From the listing that follows, output everything exactly except the pictures.

Segment Start: Recorded data

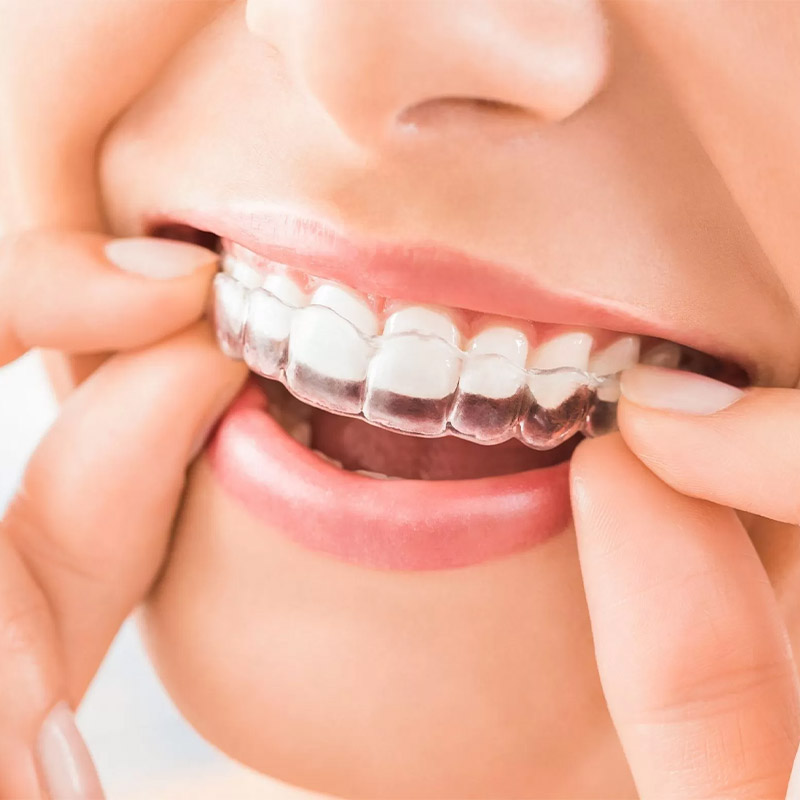 Como funciona Invisalign
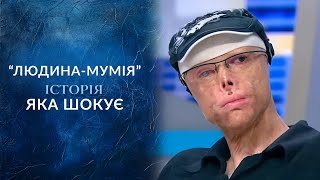 ЧЕЛОВЕКМУМИЯ Уникальный случай который ШОКИРУЕТ весь мир quotГоворить Українаquot Архів [upl. by Nickolai]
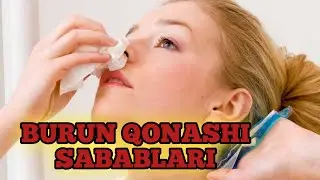 Burun qonashi xaqida malumot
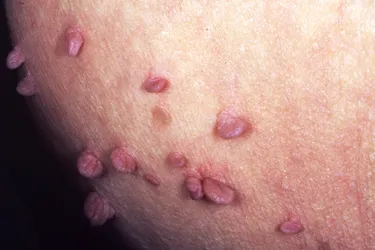 Skin Tags (acrochordons) are benign skin growths that affect about half of all adults. Doctors aren't sure just what causes them, but skin friction can play a role.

Segment End: Recorded data

> _Output for this exercise_
 Como funciona Invisalign
 ЧЕЛОВЕКМУМИЯ Уникальный случай который ШОКИРУЕТ весь мир quotГоворить Українаquot Архів [upl. by Nickolai]
 Burun qonashi xaqida malumot
 Skin Tags (acrochordons) are benign skin growths that affect about half of all adults. Doctors aren't sure just what causes them, but skin friction can play a role.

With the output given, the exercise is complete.